Various groups of people have been the victims of oppression throughout time and across national borders and cultures. Many forms of oppression continue to exist all over the world today, including in the United States. I have been particularly concerned with oppression on the basis of race. The responses to oppression have taken many forms, ranging from passivity and acquiescence to rebellion. Much of the response, however, takes place between these extremes, often in the form of ongoing collective action by more or less organized groups. Broadly speaking, these actions have come to be known as social movements, and they have been the subject of a great deal of scholarly examination. Through this scholarship, we have learned much about the nature of social movements, who joins them, and how they have been able to succeed. We have not learned as much about how the law and lawyers affect such movements and how, if at all, law and lawyers contribute to their success. I would like to examine these issues in an effort to elucidate the relationship between law, lawyers, and social movements and to better understand how lawyers can be helpful (or detrimental) to such movements.

My own interest in this field is somewhat more narrowly confined. For example, I have been skeptical of movements and lawyers who set as their goal the establishment of new or expansion of existing legal rights. New rights do not seem to have much social or political impact on subordinated groups, unless the holders of those rights have the power to enforce them. As an alternative to the rights discourse, I have been interested in the acquisition and utilization of power by marginalized and oppressed groups in the United States. Even more narrowly, my research has focused primarily on issues affecting the urban poor. Historically, there has been a significant intersection connecting social movements to urban poverty. The Civil Rights Movement, the Welfare Rights Movement, the Affordable and Fair Housing Movements, the Affordable Health Care Movement and the Black Lives Matter Movement among others, have had significant impetus from and impact on the urban poor.

Many of these movements succeeded in creating new rights for various groups. Many were successful in changing, to some extent individual lives and social environments. Nevertheless, we see today a society where wealth and well-being are even more polarized, often on the basis of race, and groups of people who remain subject to the same forms of intergenerational oppression as those faced by their long departed ancestors. These groups continue to exist on the wrong side of what I have previously called the “power deficit.” If this assertion is correct the dedicated and well-intentioned efforts of lawyers have had only marginal results. Thus, I take the position, as do several others, that lawyers who work with oppressed groups must assist them in gaining and using power rather than pursuing rights as an end in themselves.

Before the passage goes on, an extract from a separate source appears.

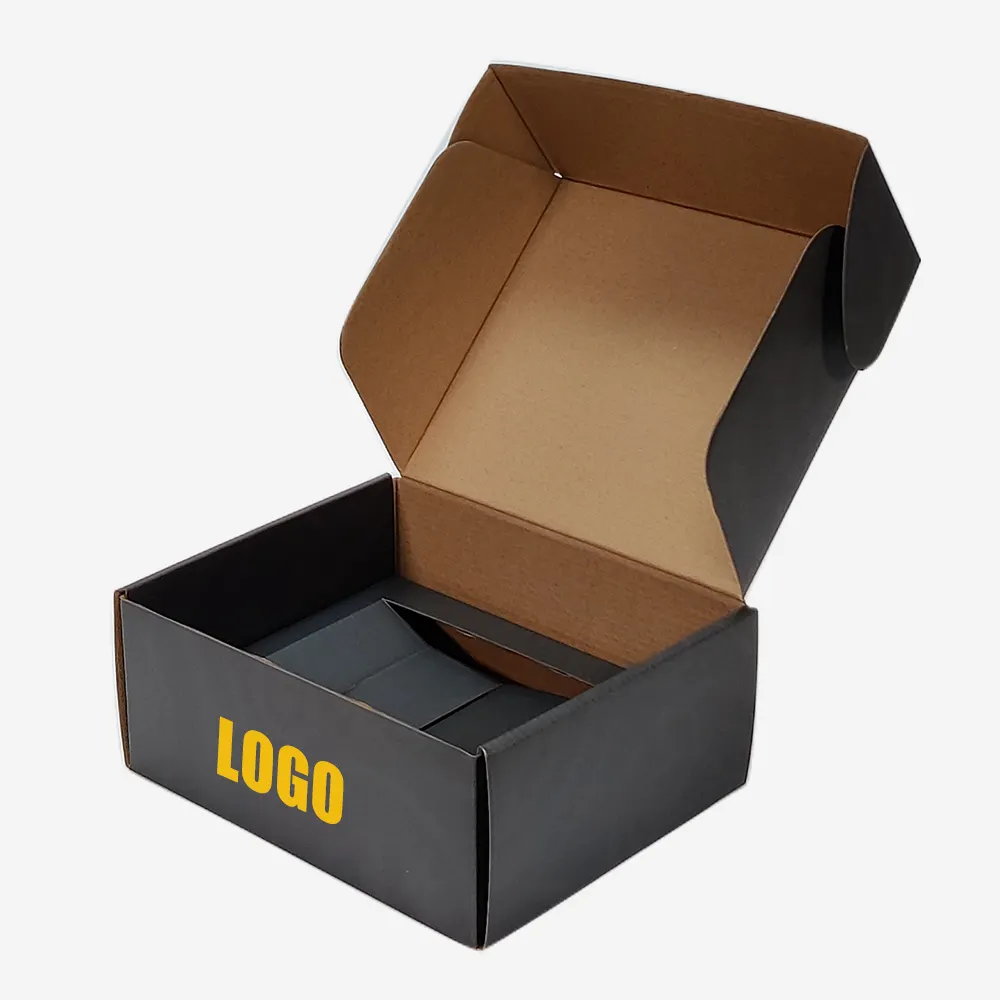 Benutzer definiertes gedrucktes Design Black Roll End Mailing Box Faltbare Wellpappe Papier Mailer Box Verpackung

That being said, there is little consensus among social scientists, philosophers, and lawyers on the meaning of power and virtually no legal literature on how it can be obtained and used (although a fair amount exists on the need to obtain and utilize it). “Of all the concepts used by sociologists, few are the source of more confusion or misunderstanding than power.” My intention in this paper is to dispel some of that confusion and to attempt to illuminate some issues concerning power in relation and as a response to oppression.